Posted on Sun 25 August 2019 in Data Science • 3 min read

Let's dive deeper into how linear regression works.

Linear regression follows a general formula:

$$ \hat{y} = \theta_0 + \theta_1x_1 + \theta_2x_2 + \cdots + \theta_nx_n $$

Where \(\hat{y}\) is the predicted value, \(n\) is the number of features, \(x_i\) is the \(i^{th}\) feature value and \(\theta_n\) is the \(n^{th}\) model parameter. This function is then vectorised which speeds up processing on a CPU, however, I won't go into that further.

How does the linear regression model get 'trained'? Training a linear regression model means setting the parameters such that the model best fits the training data set. To be able to do this, we need to be able to measure how good (or bad) the model fits the data. Common ways of measuring this are:

  • Root Mean Square Error (RMSE)
  • Mean Absolute Error (MAE)
  • R-Squared
  • Adjusted R-Squared
  • many others

From here on, we will refer to these as the cost function, and the objective is to minimise the cost function.

The Normal Equation

To find the value of \(\theta\) that minimises the cost function, there is a mathematical equation that gives the result directly, named the Normal Equation

$$ \hat{\theta} = (X^T \cdot X)^{-1}\cdot X^T \cdot y $$

Where \(\hat{\theta}\) is the value of \(\theta\) that minimises the cost function and \(y\) (once vectorised) is the vector of target values containing \(y^{(1)}\) to \(y^{(m)}\).

For example if this equation was run on data generated from this formula:

1
2
3
4
import numpy as np

X = 10 * np.random.rand(100,1)
y = 6 + 2 * X + np.random.rand(100,1)

10_6_2_gen

Now to compute \(\hat{\theta}\) with the normal equation, we can use the inv() function from NumPy's Linear algebra module:

1
2
X_b = np.c_[np.ones((100,1)),X]
theta_best = np.linalg.inv(X_b.T.dot(X_b)).dot(X_b.T).dot(y)

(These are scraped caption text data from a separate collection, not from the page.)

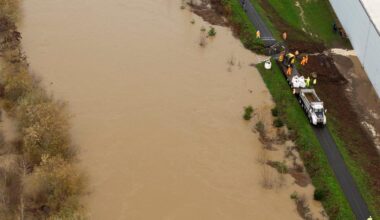 une digue cède près de Seattle, la population appelée à évacuer immédiatement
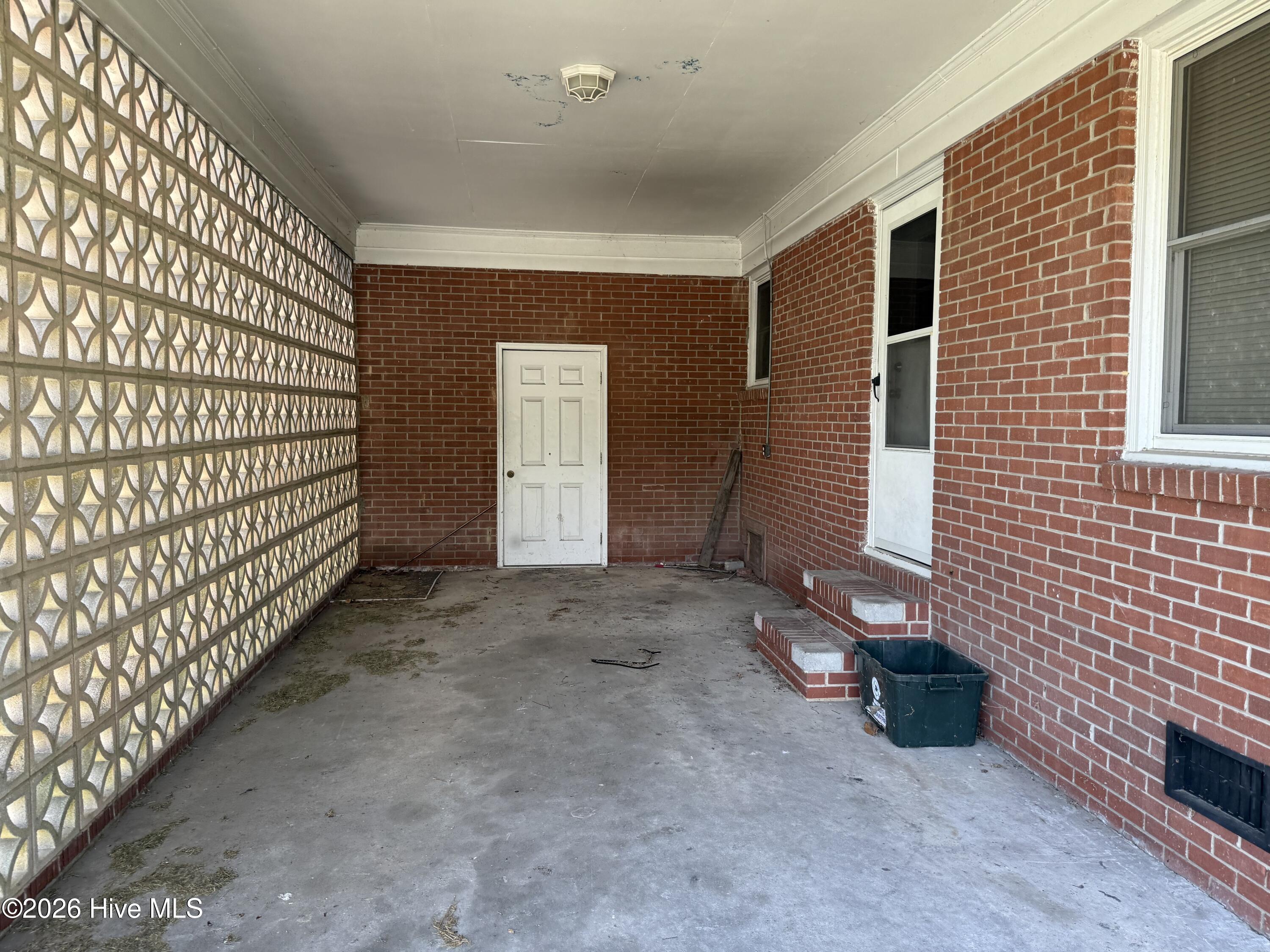 217 N Edgewood Avenue Property Photo 18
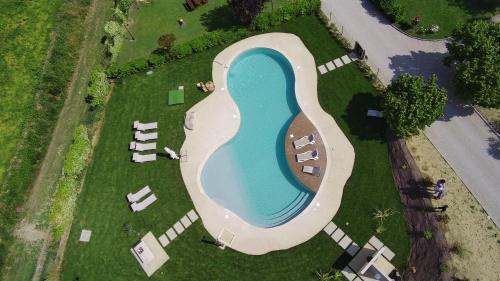 阿西西Agriturismo - La Campagna di San Francesco的院子里游泳池的俯视图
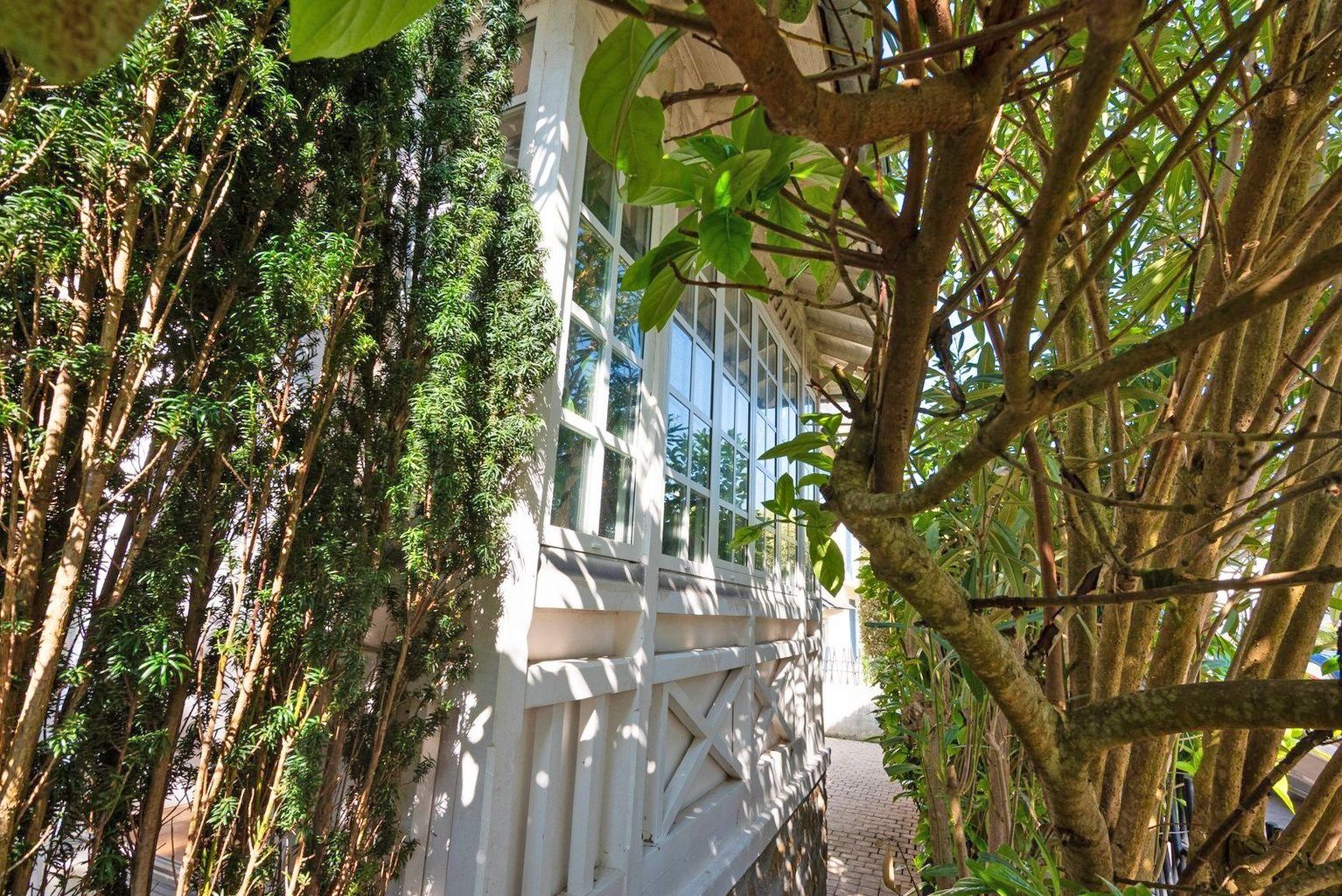 luxury house 5 Rooms for sale on LA BAULE (44500)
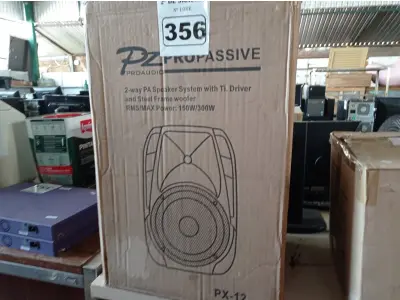 LOTE 356 - 01 CAIXA DE SOM PRO ÁUDIO PX12. (NOVO) (NO ESTADO) ATENÇÃO! FAZER A VISITAÇÃO ANTES DE ARREMATAR, NÃO SABEMOS SE FUNCIONA. LEILÃO NÃO TEM GARANTIA E NEM DEVOLUÇÃO, SUJEITO A POSSÍVEIS AVARIAS VISÍVEIS/OCULTAS E/OU AUSÊNCIA DE COMPONENTES.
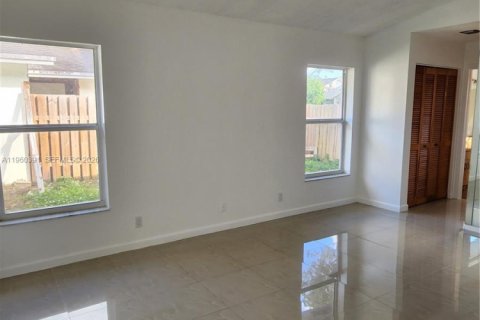 House in Cooper City, Florida 3 bedrooms, 137.87 sq.m. № 2020370 - photo 4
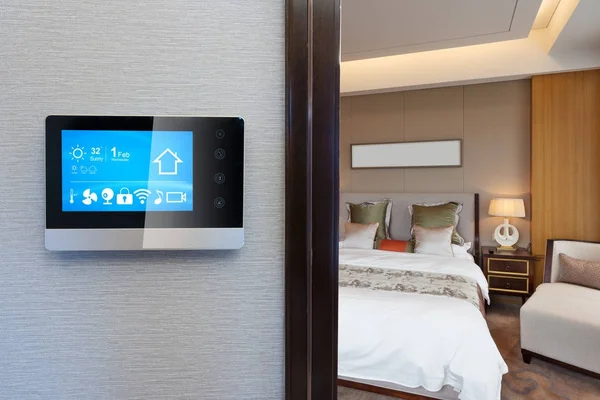 Schermo digitale con camera da letto in smart home — Foto Stock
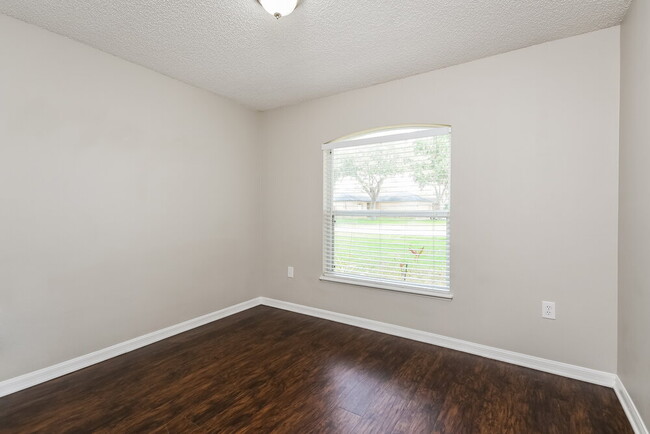 Building Photo - 4102 Iveyglen Ave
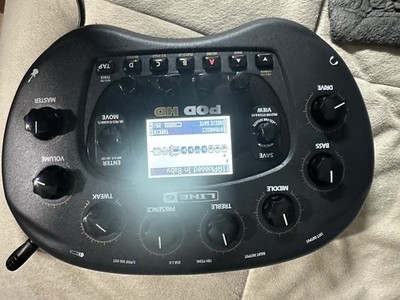 Line 6 POD HD Desktop Guitar Multi-Effect Processor, 22 Amp Models, 100+ Effects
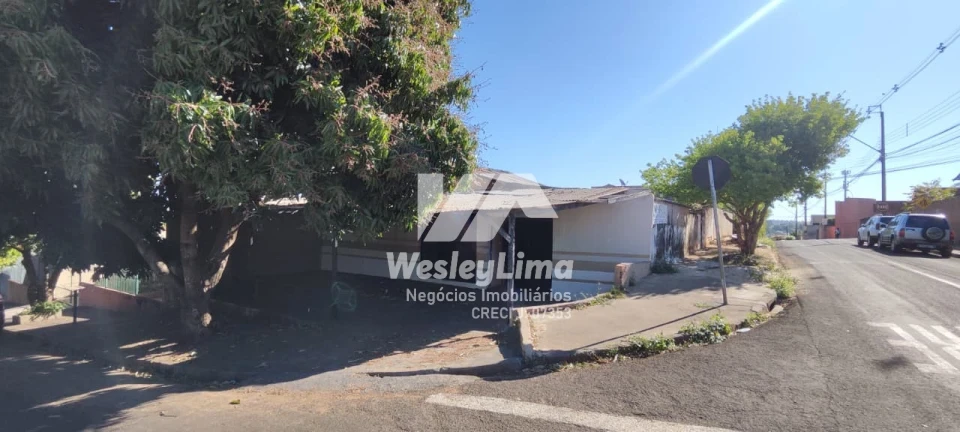 Imóvel Comercial com Edícula - Zona Norte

With the actual function being \(y = 6 + 2x_0 + noise\), and the equation found:

1
2
array([[ 5.96356419],
       [ 2.00027727]])

Since the noise makes it impossible to recover the exact parameters of the original function now we can use \(\hat{\theta}\) to make predictions:

1
y_predict = X_new_b.dot(theta_best)

With y_predict being:

1
2
[[ 5.96356419]
 [ 9.96411873]]

10_6_2_gen_solved

The equivalent code using Scikit-Learn would look like:

1
2
3
4
5
from sklearn.linear_model import LinearRegression
lin_reg = LinearRegression()
lin_reg.fit(X,y)
print(lin_reg.intercept_, lin_reg.coef_)
print(lin_reg.predict(X_new))

And it finds:

1
2
3
[ 5.96356419] [[ 2.00027727]]
[[ 5.96356419]
 [ 9.96411873]]

Using the normal equation to train your linear regression model is linear in regards to the number of instances you wish to train on, meaning you will need to be able to fit the data set in memory.

There are many other ways of to train a linear regression, some which are better suited for large number of features, these will be covered in later posts.